[MATERIAL FOR THIS EXERCISE]
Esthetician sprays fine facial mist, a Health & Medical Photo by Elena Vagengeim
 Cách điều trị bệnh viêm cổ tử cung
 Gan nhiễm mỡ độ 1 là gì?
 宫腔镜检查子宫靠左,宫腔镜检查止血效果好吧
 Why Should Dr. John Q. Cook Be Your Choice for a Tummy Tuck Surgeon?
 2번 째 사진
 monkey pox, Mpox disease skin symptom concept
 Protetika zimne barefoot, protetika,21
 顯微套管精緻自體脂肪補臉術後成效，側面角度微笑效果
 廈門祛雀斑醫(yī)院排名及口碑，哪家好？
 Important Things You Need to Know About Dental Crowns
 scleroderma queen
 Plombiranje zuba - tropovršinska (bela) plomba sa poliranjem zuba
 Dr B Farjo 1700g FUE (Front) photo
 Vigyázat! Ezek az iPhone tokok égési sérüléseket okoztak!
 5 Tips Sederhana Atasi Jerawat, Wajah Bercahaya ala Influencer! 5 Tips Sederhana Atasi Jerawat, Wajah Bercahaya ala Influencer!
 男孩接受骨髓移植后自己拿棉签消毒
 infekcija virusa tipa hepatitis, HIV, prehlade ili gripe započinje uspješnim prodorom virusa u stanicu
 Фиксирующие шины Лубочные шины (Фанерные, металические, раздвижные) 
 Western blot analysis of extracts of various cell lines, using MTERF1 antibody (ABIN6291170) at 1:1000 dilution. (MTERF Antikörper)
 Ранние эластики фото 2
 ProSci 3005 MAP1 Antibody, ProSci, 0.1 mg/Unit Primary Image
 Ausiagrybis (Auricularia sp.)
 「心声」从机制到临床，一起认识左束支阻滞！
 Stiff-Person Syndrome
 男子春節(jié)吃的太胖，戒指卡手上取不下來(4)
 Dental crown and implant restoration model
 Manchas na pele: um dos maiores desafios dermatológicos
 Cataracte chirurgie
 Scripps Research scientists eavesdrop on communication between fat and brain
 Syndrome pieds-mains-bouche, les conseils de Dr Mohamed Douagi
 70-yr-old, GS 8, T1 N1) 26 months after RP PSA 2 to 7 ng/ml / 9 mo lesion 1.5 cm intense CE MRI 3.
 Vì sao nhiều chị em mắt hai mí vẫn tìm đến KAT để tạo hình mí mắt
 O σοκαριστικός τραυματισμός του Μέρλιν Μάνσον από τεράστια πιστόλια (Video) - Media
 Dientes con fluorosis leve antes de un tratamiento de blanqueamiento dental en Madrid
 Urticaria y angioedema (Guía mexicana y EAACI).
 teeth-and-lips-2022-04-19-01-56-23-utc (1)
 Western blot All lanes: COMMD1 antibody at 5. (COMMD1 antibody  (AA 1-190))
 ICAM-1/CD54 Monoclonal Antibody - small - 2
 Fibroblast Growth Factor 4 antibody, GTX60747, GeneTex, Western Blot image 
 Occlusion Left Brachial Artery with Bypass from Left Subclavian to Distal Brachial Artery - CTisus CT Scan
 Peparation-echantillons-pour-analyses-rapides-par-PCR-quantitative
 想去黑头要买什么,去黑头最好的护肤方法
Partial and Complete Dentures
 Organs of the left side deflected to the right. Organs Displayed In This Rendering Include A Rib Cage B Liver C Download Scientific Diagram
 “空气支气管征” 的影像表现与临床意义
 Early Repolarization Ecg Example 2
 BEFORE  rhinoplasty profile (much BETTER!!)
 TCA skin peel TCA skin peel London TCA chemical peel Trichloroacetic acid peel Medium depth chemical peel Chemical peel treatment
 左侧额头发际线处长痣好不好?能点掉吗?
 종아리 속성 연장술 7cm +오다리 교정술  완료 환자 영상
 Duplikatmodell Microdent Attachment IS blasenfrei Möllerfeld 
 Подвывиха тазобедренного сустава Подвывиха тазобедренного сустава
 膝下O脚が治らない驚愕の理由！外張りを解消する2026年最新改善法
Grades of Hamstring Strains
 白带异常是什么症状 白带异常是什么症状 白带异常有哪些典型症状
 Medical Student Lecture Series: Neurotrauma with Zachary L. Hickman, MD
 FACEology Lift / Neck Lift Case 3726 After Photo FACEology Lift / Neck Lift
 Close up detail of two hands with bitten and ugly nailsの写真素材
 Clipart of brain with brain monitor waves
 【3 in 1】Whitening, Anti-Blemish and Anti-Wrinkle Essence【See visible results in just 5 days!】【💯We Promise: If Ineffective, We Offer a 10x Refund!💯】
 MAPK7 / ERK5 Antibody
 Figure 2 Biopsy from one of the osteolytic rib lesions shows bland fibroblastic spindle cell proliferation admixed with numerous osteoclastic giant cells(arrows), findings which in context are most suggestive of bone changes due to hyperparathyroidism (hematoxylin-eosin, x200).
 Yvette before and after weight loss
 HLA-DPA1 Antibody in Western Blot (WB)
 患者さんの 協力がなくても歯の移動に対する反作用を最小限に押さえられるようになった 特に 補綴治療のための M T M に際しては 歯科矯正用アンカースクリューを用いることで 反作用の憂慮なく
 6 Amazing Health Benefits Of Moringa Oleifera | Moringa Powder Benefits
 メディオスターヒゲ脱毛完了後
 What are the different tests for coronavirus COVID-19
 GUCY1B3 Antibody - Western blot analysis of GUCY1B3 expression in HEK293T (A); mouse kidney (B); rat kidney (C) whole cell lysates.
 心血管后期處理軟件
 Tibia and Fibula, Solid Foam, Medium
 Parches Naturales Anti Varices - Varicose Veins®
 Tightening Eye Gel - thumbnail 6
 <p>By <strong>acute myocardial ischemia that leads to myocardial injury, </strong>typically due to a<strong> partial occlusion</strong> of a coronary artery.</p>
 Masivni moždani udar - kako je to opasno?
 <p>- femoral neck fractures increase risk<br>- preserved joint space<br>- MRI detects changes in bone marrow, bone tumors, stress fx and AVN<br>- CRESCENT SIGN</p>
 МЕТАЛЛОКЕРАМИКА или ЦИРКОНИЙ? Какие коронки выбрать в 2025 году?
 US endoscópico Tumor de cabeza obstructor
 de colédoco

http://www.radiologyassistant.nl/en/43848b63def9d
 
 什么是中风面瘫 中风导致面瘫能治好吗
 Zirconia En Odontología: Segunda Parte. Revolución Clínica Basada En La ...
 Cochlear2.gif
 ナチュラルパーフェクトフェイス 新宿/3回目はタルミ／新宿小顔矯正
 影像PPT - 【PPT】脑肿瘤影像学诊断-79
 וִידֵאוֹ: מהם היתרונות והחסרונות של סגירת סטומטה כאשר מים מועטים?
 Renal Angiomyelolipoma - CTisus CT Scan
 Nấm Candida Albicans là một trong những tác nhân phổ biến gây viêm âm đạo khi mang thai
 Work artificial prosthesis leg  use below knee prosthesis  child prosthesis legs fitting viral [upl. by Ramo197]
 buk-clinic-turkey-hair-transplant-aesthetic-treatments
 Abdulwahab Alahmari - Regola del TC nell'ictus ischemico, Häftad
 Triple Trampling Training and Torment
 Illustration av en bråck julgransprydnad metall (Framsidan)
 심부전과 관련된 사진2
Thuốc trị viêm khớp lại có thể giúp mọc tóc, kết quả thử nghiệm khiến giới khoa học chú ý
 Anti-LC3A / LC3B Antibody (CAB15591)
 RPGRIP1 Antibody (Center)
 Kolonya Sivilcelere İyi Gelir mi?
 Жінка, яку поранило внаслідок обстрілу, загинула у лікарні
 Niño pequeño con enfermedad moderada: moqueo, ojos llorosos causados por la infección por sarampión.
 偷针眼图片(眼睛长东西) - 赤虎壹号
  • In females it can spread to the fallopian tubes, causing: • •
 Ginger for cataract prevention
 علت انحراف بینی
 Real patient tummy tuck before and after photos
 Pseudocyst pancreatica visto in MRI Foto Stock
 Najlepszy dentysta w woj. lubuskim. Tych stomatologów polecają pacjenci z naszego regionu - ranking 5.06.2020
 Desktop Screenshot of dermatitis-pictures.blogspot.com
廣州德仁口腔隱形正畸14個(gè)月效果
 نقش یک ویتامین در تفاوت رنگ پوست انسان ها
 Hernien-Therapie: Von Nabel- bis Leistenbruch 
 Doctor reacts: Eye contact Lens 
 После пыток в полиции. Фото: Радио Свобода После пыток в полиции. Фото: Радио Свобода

[WHAT THE TASK ASKS] Take every line above that includes the string "Western" and return it.

[THE ANSWER]
 Western blot analysis of extracts of various cell lines, using MTERF1 antibody (ABIN6291170) at 1:1000 dilution. (MTERF Antikörper)
 Western blot All lanes: COMMD1 antibody at 5. (COMMD1 antibody  (AA 1-190))
 Fibroblast Growth Factor 4 antibody, GTX60747, GeneTex, Western Blot image 
 HLA-DPA1 Antibody in Western Blot (WB)
 GUCY1B3 Antibody - Western blot analysis of GUCY1B3 expression in HEK293T (A); mouse kidney (B); rat kidney (C) whole cell lysates.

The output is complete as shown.